No Rio de Janeiro, a MULTIRIO, Empresa Municipal de Multimeios da Prefeitura do Rio de Janeiro, órgão ligado à Secretaria Municipal de Educação, entre outras ações, produz programas de TV com a participação de crianças e jovens, alunos das 1.055 escolas da região. Envolvidos no processo, meninos e meninas criam histórias, reinventam outras. Dizem o que pensam sobre os assuntos e assumem também o papel de entrevistadores. Mergulhados na fantasia da televisão, eles descobrem os bastidores e o processo de produção. E, de acordo com seus professores, adquirem um olhar crítico que se aplica em diferentes áreas de suas vidas. Os programas produzidos são veiculados em canal aberto e fechado. E todos os professores da Rede de Escolas da Prefeitura do Rio têm acesso facilitado ao material.

Mais do que uma exigência dos novos tempos, de uma escola mais antenada, de uma sociedade mais exigente ou de instituições públicas e privadas que têm o objetivo de contribuir para o sucesso escolar, incluir a mídia, e em especial a TV, na rotina escolar como parte de uma nova pedagogia é uma demanda que vem sendo imposta pelas próprias crianças.

Durante a 4a Cúpula Mundial de Mídia para Crianças e Adolescentes, realizada em abril de 2004, no Rio de Janeiro, por meio das ações da MultiRio, 150 adolescentes de 40 países elaboraram a Carta do Rio e deixaram isto bastante claro. No documento, eles manifestaram o desejo de que fossem criados “espaços nas escolas para que eles pudessem ser preparados para receber, buscar e utilizar as informações de forma crítica e produtiva, incluindo atenção especial às crianças e adolescentes portadores de necessidades especiais”.
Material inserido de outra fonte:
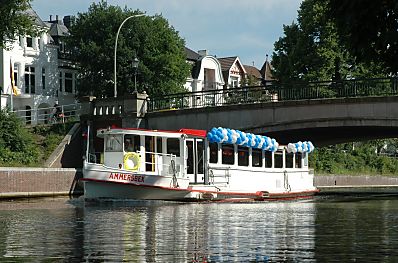 011_14549 - die 'Ammersbek' auf der kanalisierten Alster Hhe Grnestrasse.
Ignorar a cultura televisiva é ignorar a vida das crianças e dos jovens, das pequenas, médias ou grandes cidades do país. É ignorar o entendimento do mundo que meninos e meninas trazem para a escola. E mais do que isso: é ignorar o que acontece na própria sala de aula. Indiscutivelmente, a televisão já está lá há bastante tempo e tem um importante papel a cumprir nos contextos educativos, culturais e de entretenimento.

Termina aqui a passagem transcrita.